### Exercise directions
Output only the lines from the line holding "Letto o letti" through the close of the records, exactly as they appear, with all pictures omitted.
··· Information shown ···
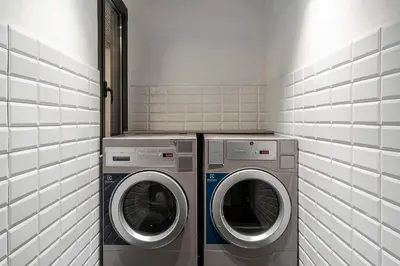 a laundry room with two washing machines in it at Enjoybcn Colon Apartments in Barcelona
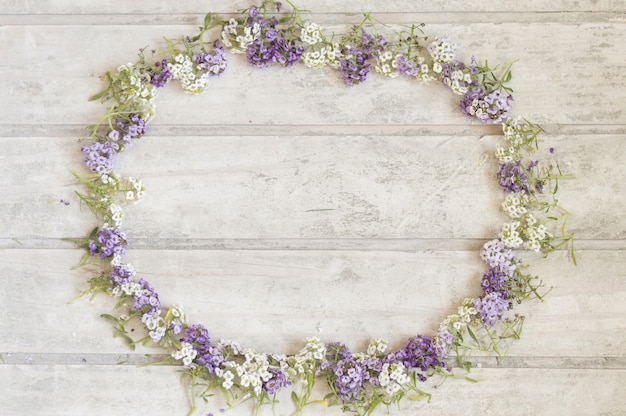 Free Photo fantastic floral frame on wooden surface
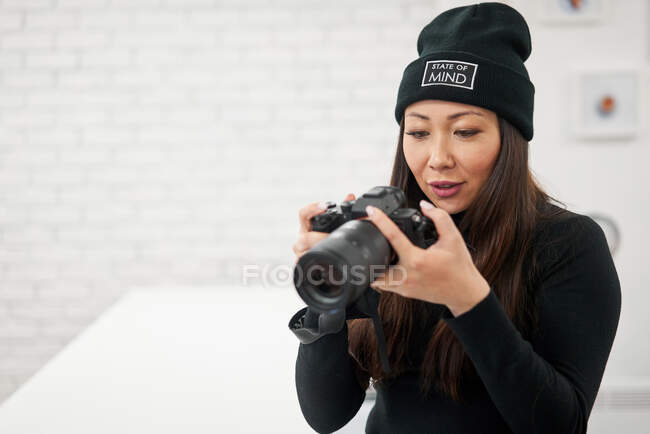 Donna etnica in berretto nero e camicia con fotocamera digitale su sfondo sfocato — Foto stock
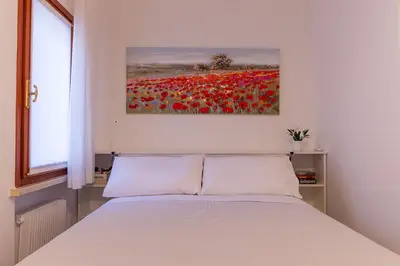 Letto o letti in una camera di Giustiniani Apartments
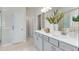 Spa-like bathroom with double vanity, large mirror, and walk-in shower at 1346 Auburn Glen Rd, Dacula, GA 30019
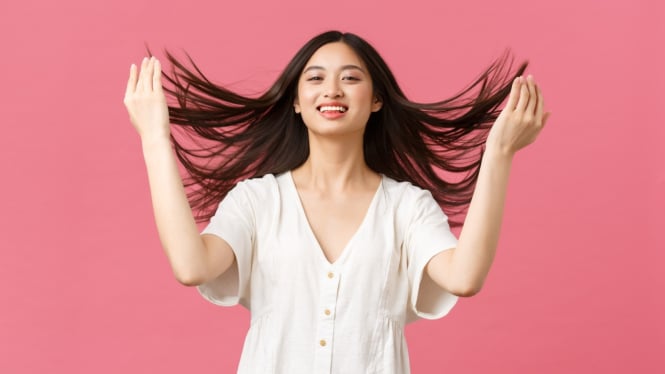 Perempuan dengan rambut sehat dan berkilau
···
### Response
 Letto o letti in una camera di Giustiniani Apartments
 Spa-like bathroom with double vanity, large mirror, and walk-in shower at 1346 Auburn Glen Rd, Dacula, GA 30019
 Perempuan dengan rambut sehat dan berkilau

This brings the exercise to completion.